2. Cerveau, neurones et aires motrices

Notions clés & Définitions

  • Neurones : Cellules du cerveau responsables du traitement et de la propagation des messages nerveux.
  • Cellules gliales : Cellules qui participent au bon fonctionnement du cerveau et qui sont plus nombreuses que les neurones.
  • Substance grise du cortex : Zone superficielle du cerveau où se concentrent les corps cellulaires des neurones.
  • Astrocytes : Type de cellules gliales impliquées dans la nutrition des neurones.
  • Oligodendrocytes : Cellules gliales responsables de la formation de la gaine de myéline autour des axones.

Points essentiels

  • Le cerveau contient environ 100 milliards de neurones avec des corps cellulaires concentrés dans la substance grise du cortex.
  • Les astrocytes assurent la nutrition des neurones, tandis que les oligodendrocytes forment la myéline autour des axones.
  • L’IRM anatomique analyse la structure du cerveau et l’IRM fonctionnelle renseigne sur l’activité cérébrale.
  • Les zones du cortex liées au mouvement volontaire sont appelées aires motrices, dont l’aire motrice primaire.
  • La commande motrice est controlatérale : la motricité du côté droit est associée à l’hémisphère gauche (et inversement).

Astuce mémo

Controlatéral : “droite commande à gauche” (et l’inverse aussi).

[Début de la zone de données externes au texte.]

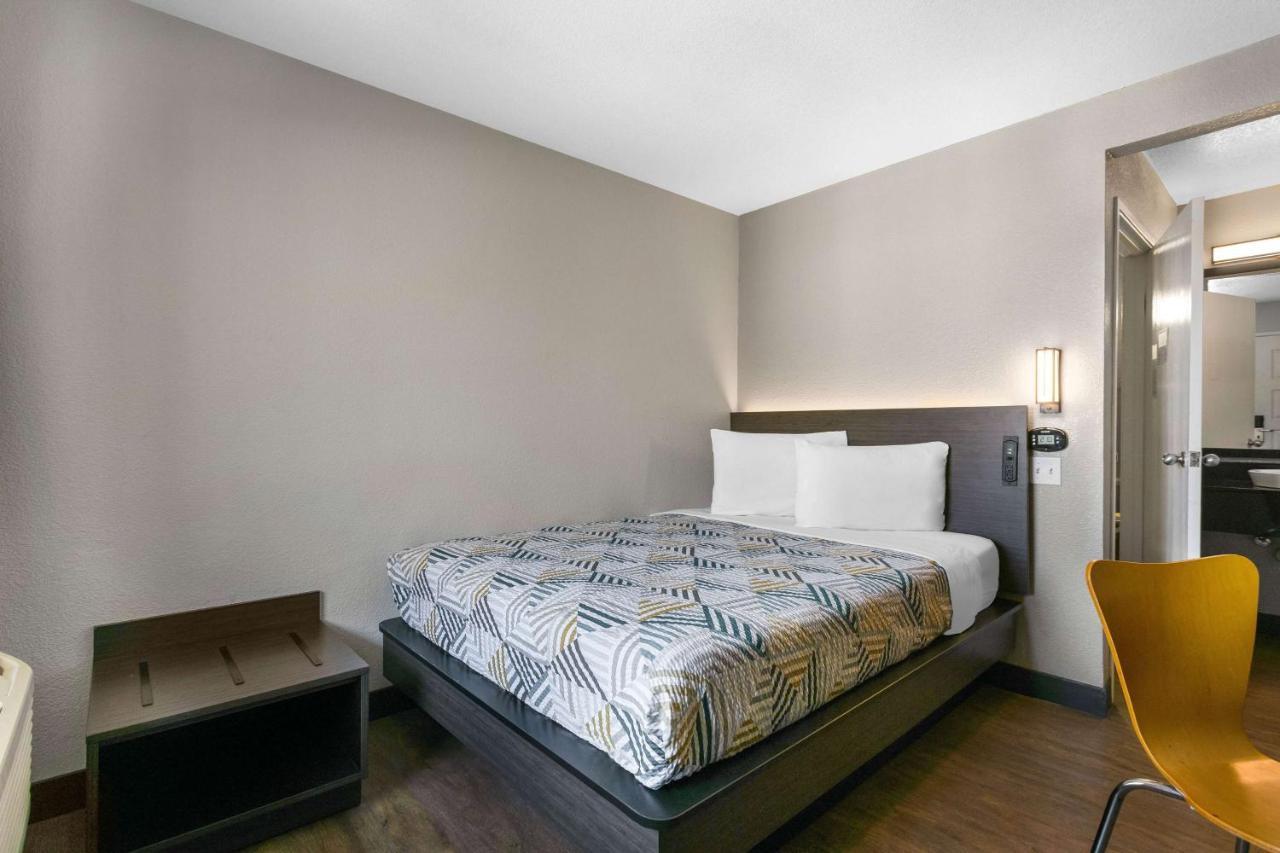 Motel 6-Merced, Ca - North المظهر الخارجي الصورة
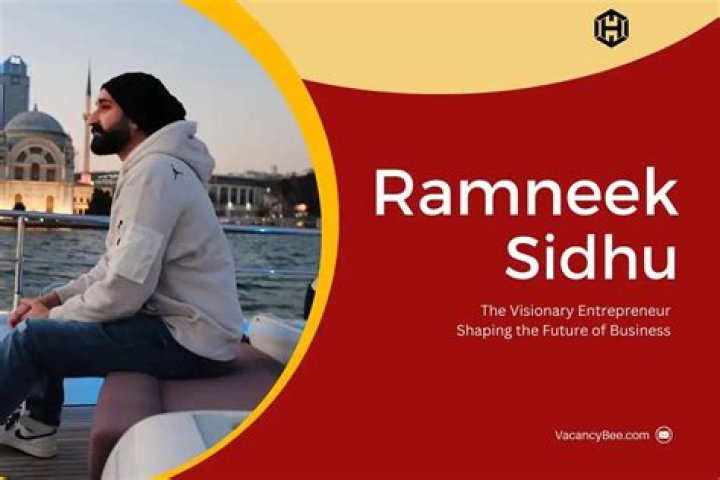 Ramneek Sidhu [Entrepreneur] Wiki, Bio, Net Worth, Height & More
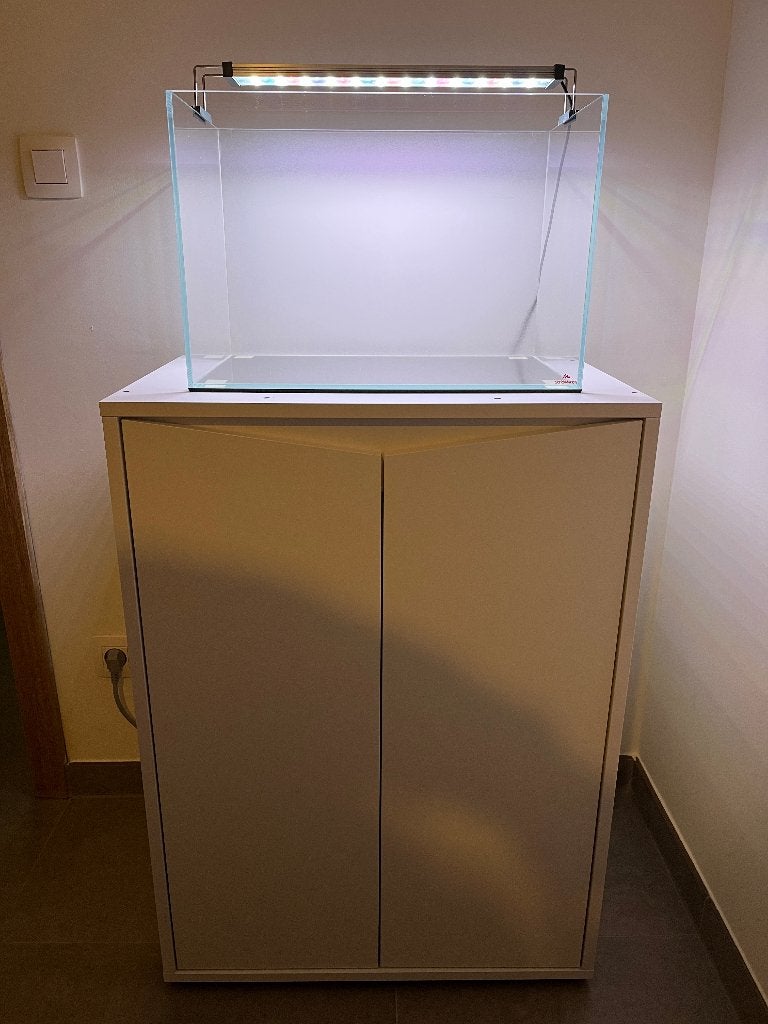 Nano Strideway Aquascape (36L), Dieren en Toebehoren, Ophalen, Verwarming, Overige merken, Zo goed als nieuw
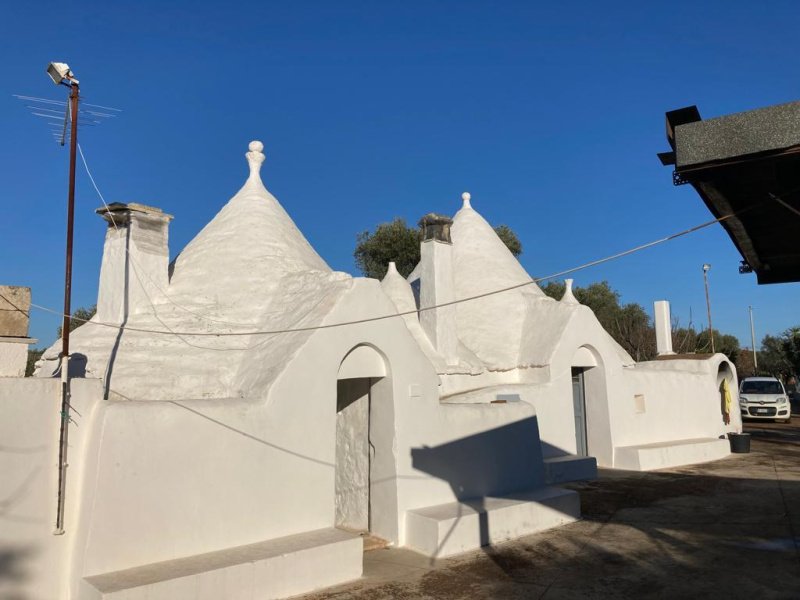 Trullo a San Michele Salentino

3. Organisation du muscle strié

Notions clés & Définitions

  • Muscle strié squelettique : Muscle responsable de la contraction volontaire, organisé pour permettre un raccourcissement lors du mouvement.
  • Sarcomère : Unité structurale et contractile du muscle strié, arrangée en succession le long des myofibrilles.
  • Myofibrille : Structure allongée de la cellule musculaire, organisée à partir de myosites et contenant des sarcomères.
  • Filaments d’actine : Filaments fins attachés aux extrémités du sarcomère (portion du sarcomère impliquée dans le glissement).
  • Filaments de myosine : Filaments épais localisés au centre du sarcomère, dont les propriétés permettent la conversion d’énergie.

Points essentiels

  • Un muscle strié comporte une partie contractile et élastique ainsi que des zones non élastiques, avec des tendons reliant aux os.
  • Chaque sarcomère est présenté comme un ensemble de filaments disposés parallèlement à l’axe de la myofibrille.
  • Les filaments d’actine constituent les extrémités du sarcomère tandis que la myosine se trouve au centre.
  • Lors de la contraction, les sarcomères raccourcissent par glissement de l’actine par rapport à la myosine.
  • Le raccourcissement des sarcomères entraîne le raccourcissement de la myofibrille puis de la fibre musculaire.

Astuce mémo

Sarcomère = “petit moteur” : c’est l’unité qui se raccourcit d’abord.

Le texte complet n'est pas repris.